One of the projects – Oakfield, which will employ 48 Veasts V112 turbines – is already under construction.
At the heart of the matter is the 2012 joint-venture formed between First Wind, a Boston-based wind developer, and Emera, a Canada-based electric utility, and owner of Nova Scotia Power.
Emera sank $333m into the JV in exchange for a 49% equity stake in a series of First Wind projects under development across the US Northeast. The First Wind-Emera JV is seen by some as a precursor to the recent rise of the yieldco model in renewables.
Emera currently owns two power-distribution businesses in Maine. Yet in spite of a 2000 Maine law intended to split up the state’s generation and transmission sectors, Maine regulators allowed the 2012 First Wind-Emera JV to go ahead, ostensibly because Emera would not have had a controlling stake in any of the wind farms.
However, last month Maine’s Supreme Judicial Court – the highest in the state – ruled that regulators may have botched that decision.
While agreeing that some of the language in the 2000 law was ambiguous, the court insisted that the JV “would run completely contrary” to the spirit of the law, which is intended to foster more competition in the state’s power sector.
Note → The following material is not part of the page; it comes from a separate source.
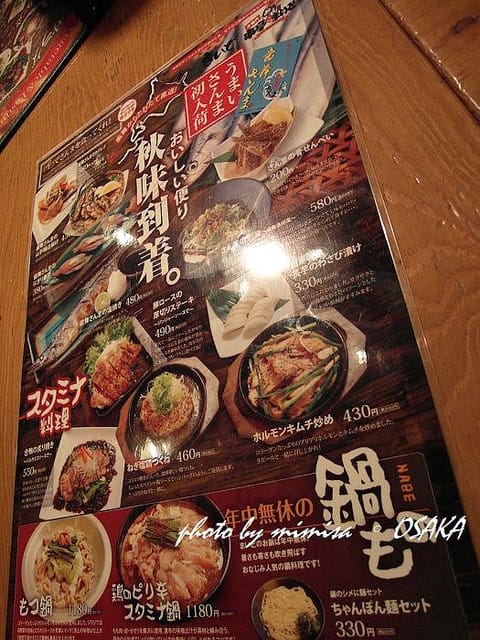 [日本] 關西自由行。DAY 4 (下)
The case was brought by a group representing industrial power consumers in Maine.
Before a wind farm can enter construction in Maine, the developer must demonstrate that it has the financial wherewithal to build, maintain and ultimately decommission a project.
Typical ways of doing so include a performance bond, a surety bond or a letter of credit, according to the DEP.
With the validity of the First Wind-Emera JV called into question in Maine, the DEP has asked First Wind to explain by mid-May how it will finance four affected projects.
The affected projects are Oakfield, which is under construction; Hancock, which is approved but not yet under construction; Bingham, whose application is under consideration; and Bowers, which was initially rejected by the DEP but is pursuing an appeal.
First Wind has already made its first $600,000 community-benefit payment on the Oakfield project.
A spokesman for First Wind expresses confidence the company will be able to meet the financial requirements demanded by the DEP, pointing to a $75m bond offering the company successfully closed last week as evidence.
“The Emera joint venture provides an important but certainly not the only source of capital for [our] Northeast projects," the spokesman says.
“We are moving ahead with the Oakfield project in a timely manner. Construction is continuing on the project and we expect it to be completed next year,”he says.
“We have three other projects in advanced stages of development in Maine, and we have every intention of moving ahead with them."
First Wind has raised more than $7bn in capital since 2006, and invested $1bn of that in Maine, the spokesman adds.